◆ TASK ITEM: Return only the lines running from the one that contains "Purge Couple Homemade Costume" through the end of the entries, exactly, both ends included. Omit pictures.

··········

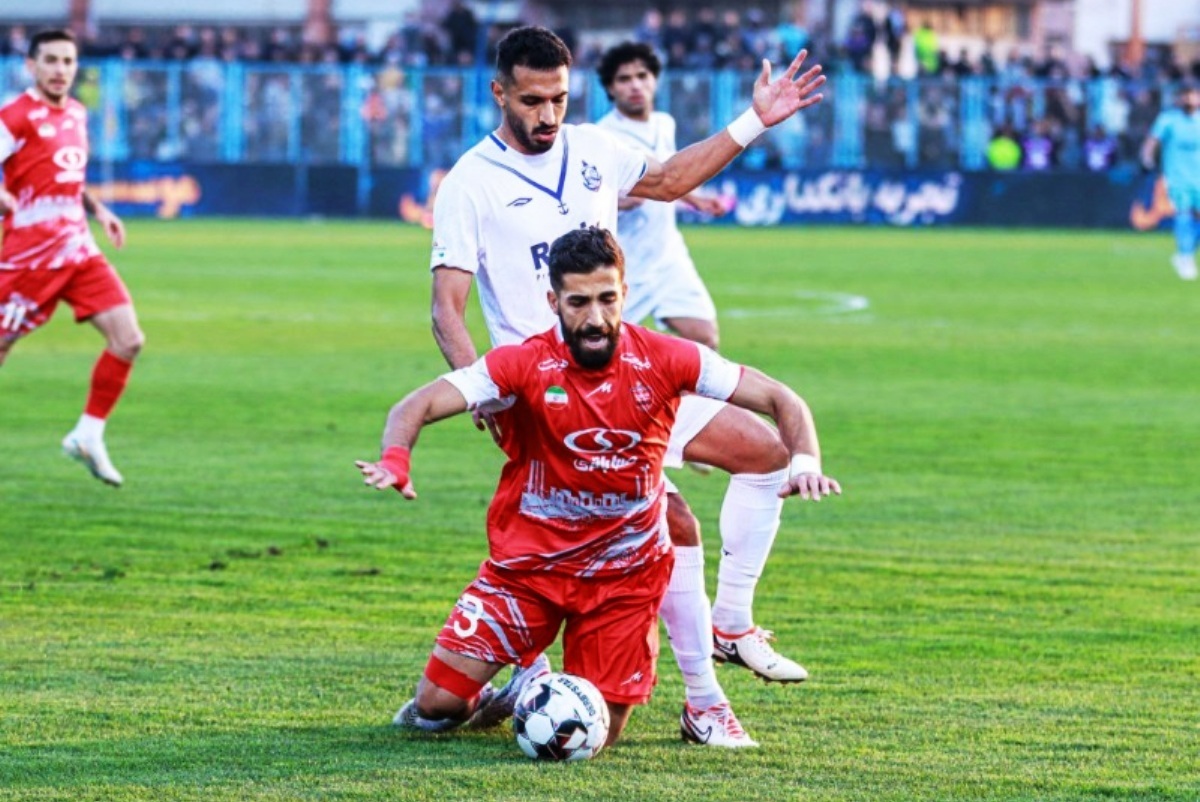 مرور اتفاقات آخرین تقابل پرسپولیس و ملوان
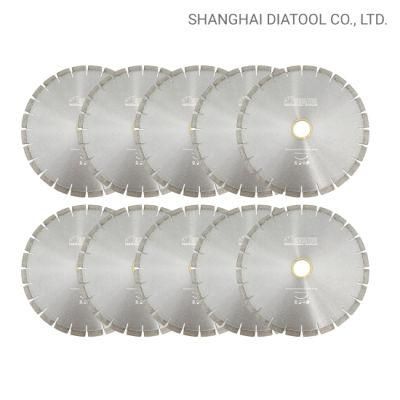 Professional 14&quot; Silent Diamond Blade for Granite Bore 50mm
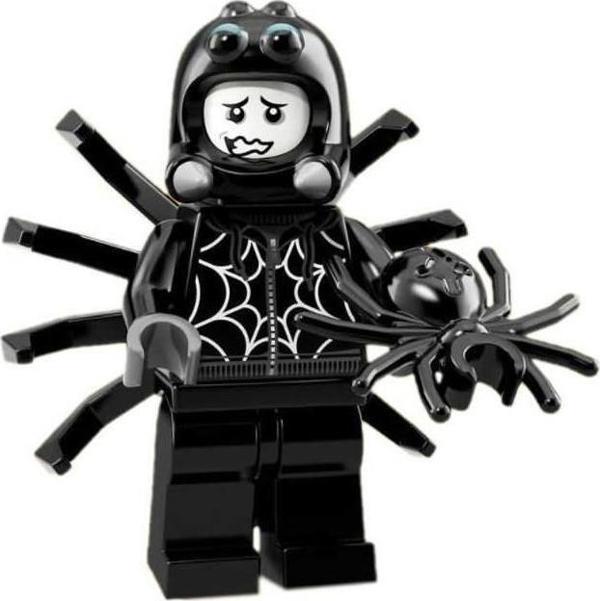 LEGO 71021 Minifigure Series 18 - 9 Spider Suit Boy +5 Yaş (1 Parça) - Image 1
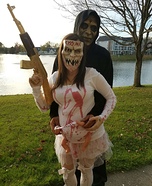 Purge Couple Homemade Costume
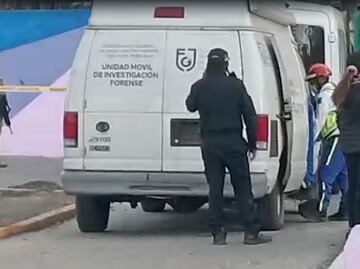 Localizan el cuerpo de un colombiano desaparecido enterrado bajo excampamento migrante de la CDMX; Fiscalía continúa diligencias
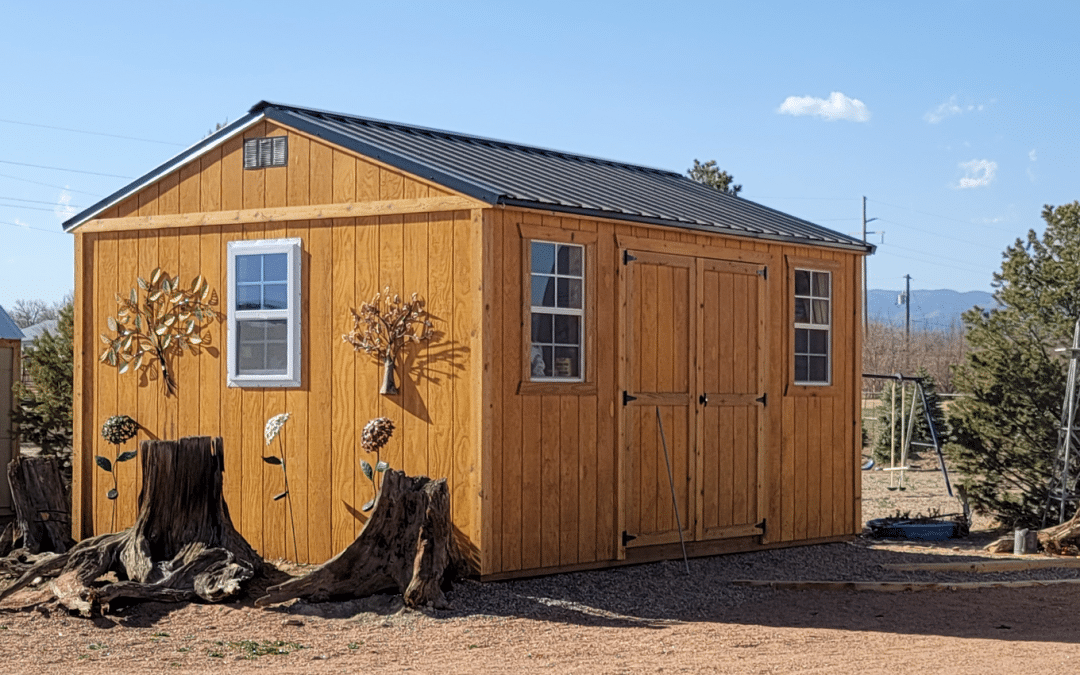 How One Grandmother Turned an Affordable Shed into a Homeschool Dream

··········

◆ RESULT FOR THIS EXERCISE:
 Purge Couple Homemade Costume
 Localizan el cuerpo de un colombiano desaparecido enterrado bajo excampamento migrante de la CDMX; Fiscalía continúa diligencias
 How One Grandmother Turned an Affordable Shed into a Homeschool Dream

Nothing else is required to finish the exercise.